То, что в первую очередь привлекало славянофила в прошлом Отечества, это присущая, по его мнению, Древней Руси «цельность бытия», и ее он хотел бы видеть и в новой России, но уже, соответственно, и в новых формах общественной и духовной жизни, «не вытесняющих» просвещения европейского[60]. Однако ни на Западе, ни в развивающейся под его влиянием России подобной цельности религиозный философ не находит. Причиной неблагополучия в его историософии так же, как и у Хомякова, объявляется «повреждение» в вере, «ересь» Западной Церкви. Однако необходимо учитывать, что взгляд славянофила и на Запад, и на Древнюю Русь отнюдь не оставался неизменным.

Довольно долго Древняя Русь (до Ивана IV) не столько как историческая реальность, сколько как идеальный образ средневекового православного государства являлась для Киреевского антитезой католическому и протестантскому Западу и даже православной Византии[61]. Но в его «философском завещании», статье «О необходимости и возможности новых начал для философии», критическое исследование противоречий духовной жизни в истории христианского Запада и Востока (Византии), современного ее упадка уже не сопровождается указаниями на Древнюю Русь как на воплощенную в истории гармонию христианских начал и социально-государственных форм быта народа.

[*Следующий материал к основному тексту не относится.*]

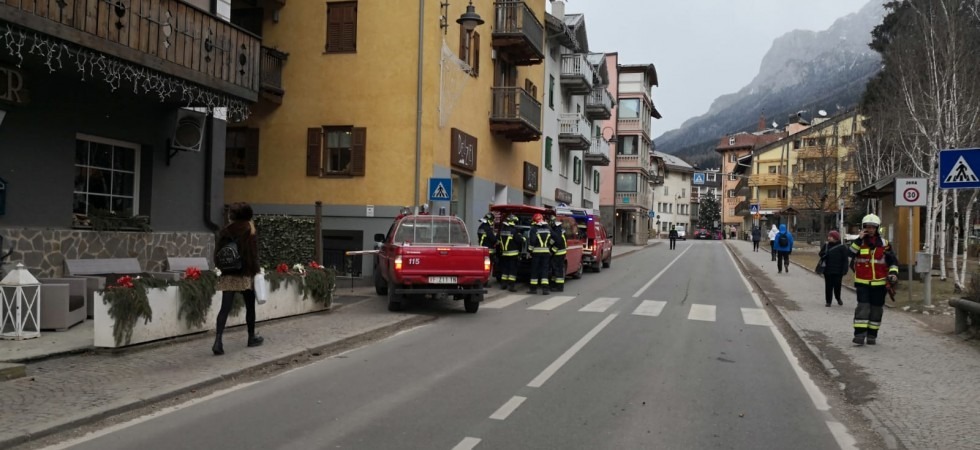 Accendono la stufa e l'appartamento viene invaso dal fumo, pompieri in azione per scongiurare un incendio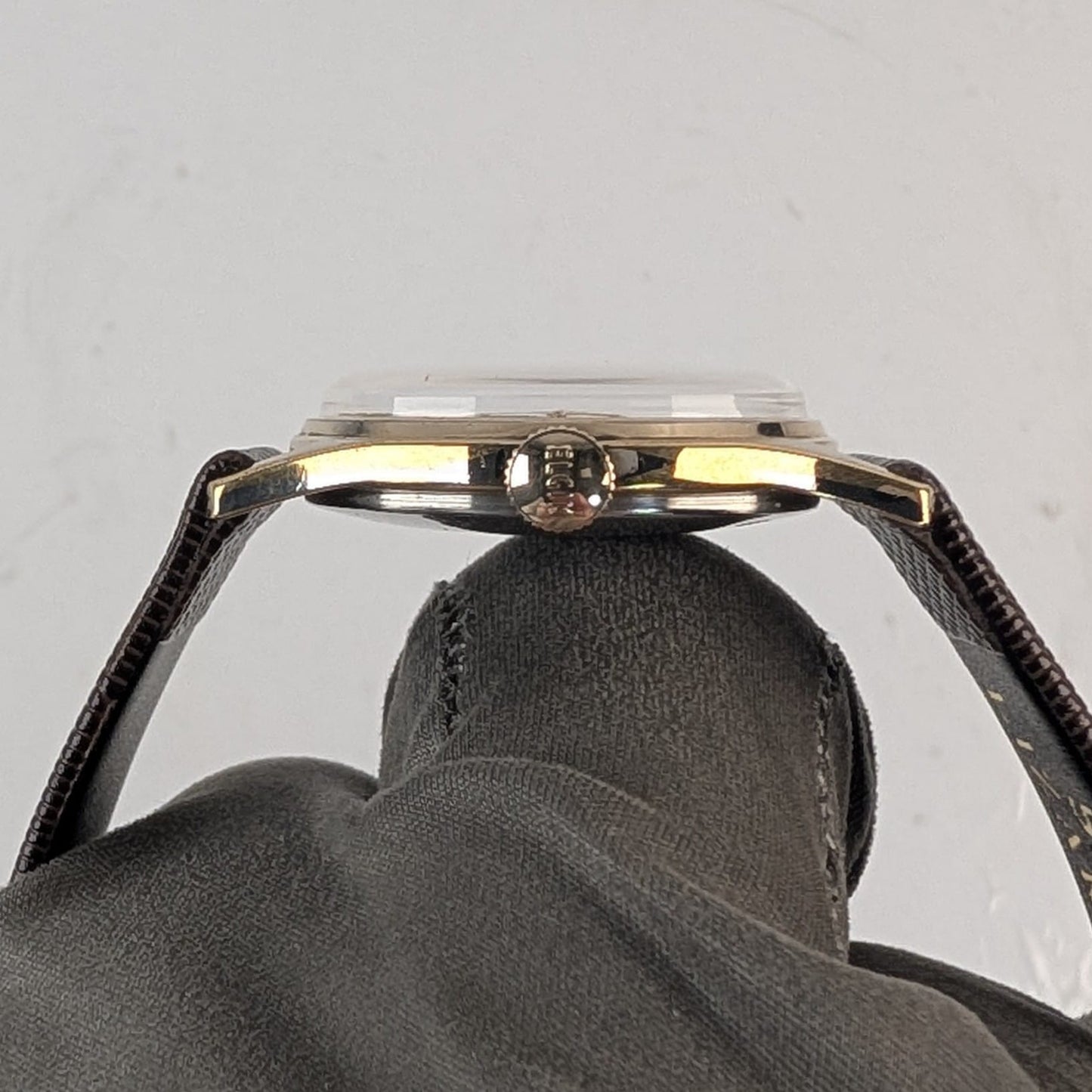 Vintage Elgin 19-Jewel Men's Wrist Watch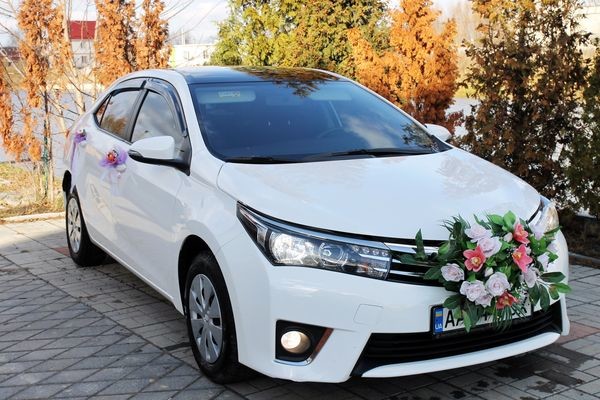 170 Toyota Corolla біла оренда на весілля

Итог историософии Киреевского – надежда на достижение подобной гармонии в будущем. И он мечтал не об отрицании западной традиции приходящей ей на смену новой «молодой» русско-славянской культурой, а о синтезе лучших, в его понимании, черт духовной жизни Запада и Востока[62]. Киреевский считал, что возможность такого синтеза существовала, но не была реализована в прошлом, и с немалой долей сомнения («Кто знает? Может быть…») проецировал вдохновляющий его религиозно-социальный идеал на будущее: «Восток передает Западу свет и силу умственного просвещения, Запад делится с Востоком развитием общественности… общественная жизнь, возрастая стройно, не разрушает каждым успехом прежних приобретений и не ищет ковчега спасения в земных расчетах промышленности или в надзвездных построениях утопий; общая образованность опирается не на мечту и не на мнение, но на самую истину, на которой утверждается гармонически и незыблемо…»[63]. Замечание славянофила о «надзвездных утопиях» и «мечтах», общий сдержанный тон оценок перспектив будущей «гармонии» свидетельствовали о сомнениях и желании избегнуть утопического прожектерства. Мыслитель смотрел в будущее с тревогой.

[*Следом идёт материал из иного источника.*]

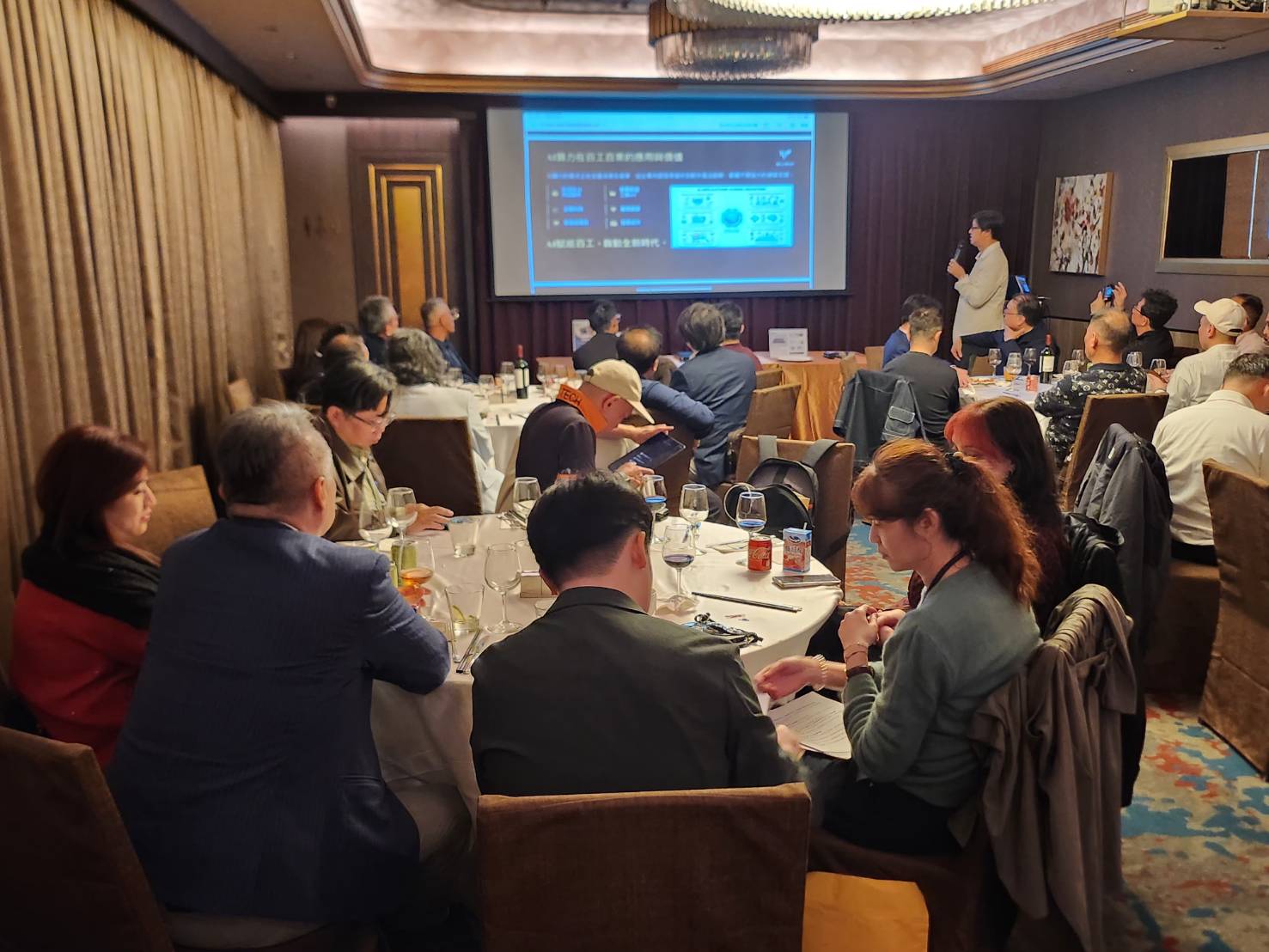 TUTIS AI Club 2025年終感恩交流活動 46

Наименее «политизированный» из славянофилов, Киреевский оказался единственным среди них, кто с неодобрением отнесся к планам крестьянской реформы. Страх катастрофического «антагонизма между сословиями», «смут и бесполезной войны» и одновременно надежда на скорое духовное преображение России, рождение из России чего-то «небывалого в мире»[64], что сделает бесполезным и излишним путь либеральных в сущности западнических преобразований, – все это и составило специфику консерватизма «позднего» Киреевского.

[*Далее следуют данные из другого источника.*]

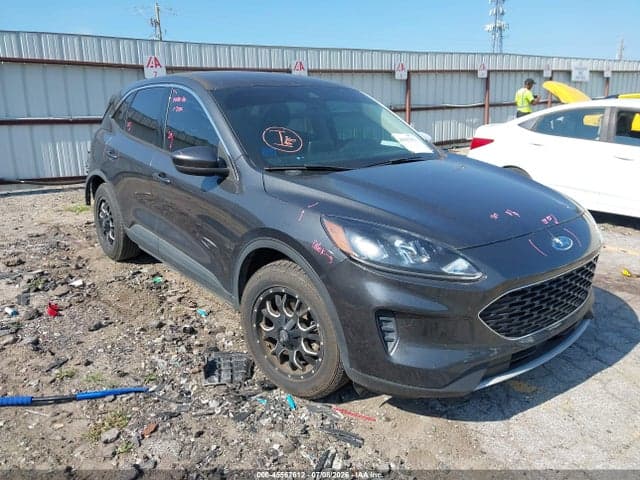 2020 FORD ESCAPE SE - 1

Константин Сергеевич Аксаков (1817–1860) – сын замечательного русского писателя С.Т. Аксакова – в пятнадцатилетнем возрасте поступает на словесный факультет Московского университета, который оканчивает в 1835 году. Молодой Константин Аксаков входил в кружок Н.В. Станкевича и, как и другие его участники, в частности В.Г. Белинский, испытал сильное влияние идей гегелевской философии. Спустя десятилетие это влияние отчетливо прослеживается в его магистерской диссертации «Ломоносов в истории русской литературы и русского языка» (1846), несмотря на славянофильскую тематику и оригинальность научных выводов (своеобразную трактовку проблемы стиля). Этапы развития литературы последовательно рассматриваются молодым ученым в духе гегелевской концепции культурно-исторического процесса. В конце 1830-х годов он сближается с И.В. Киреевским и A.C. Хомяковым и становится одним из ведущих теоретиков славянофильства. Культурная деятельность К. Аксакова была многоплановой: талантливый поэт, публицист и литературный критик, историк, филолог.